Try it:
Down to the last line below, write out every line exactly, starting with the one that contains "武威職業(yè)技術(shù" and leaving out the pictures.

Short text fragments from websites
%%

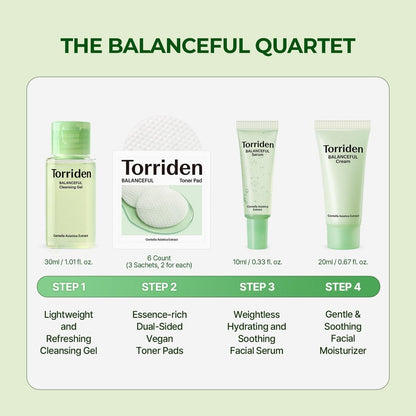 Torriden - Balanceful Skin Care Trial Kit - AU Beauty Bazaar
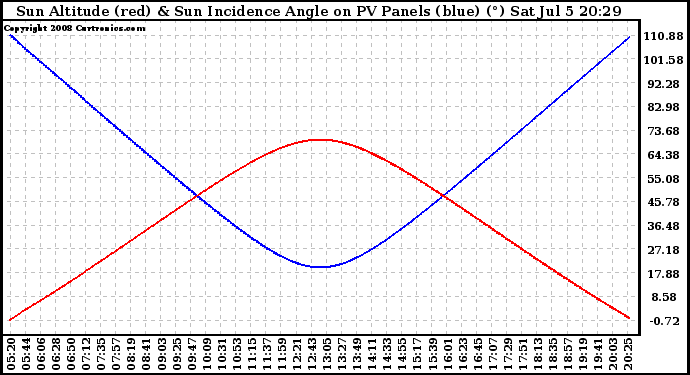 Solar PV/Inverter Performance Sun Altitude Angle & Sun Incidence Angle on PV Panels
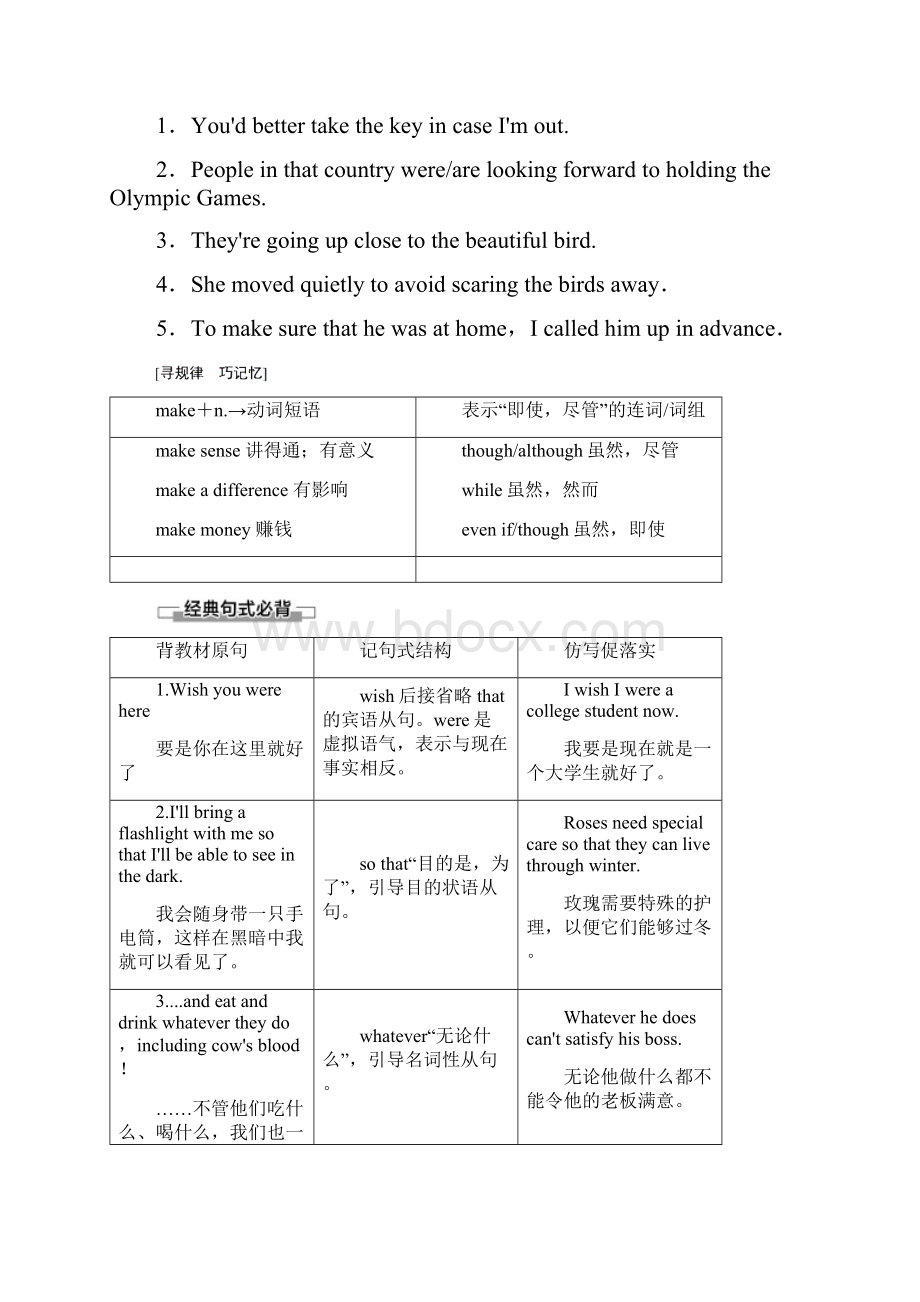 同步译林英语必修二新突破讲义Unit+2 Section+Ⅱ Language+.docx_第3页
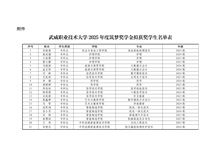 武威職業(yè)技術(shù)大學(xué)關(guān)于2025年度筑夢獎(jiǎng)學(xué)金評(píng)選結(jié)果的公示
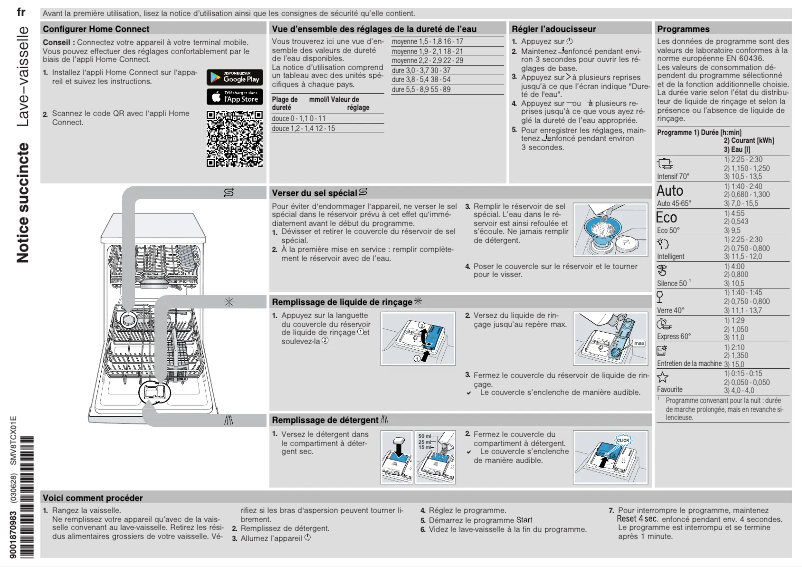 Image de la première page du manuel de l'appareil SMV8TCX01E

%%

Response area:
 武威職業(yè)技術(shù)大學(xué)關(guān)于2025年度筑夢獎(jiǎng)學(xué)金評(píng)選結(jié)果的公示
 Image de la première page du manuel de l'appareil SMV8TCX01E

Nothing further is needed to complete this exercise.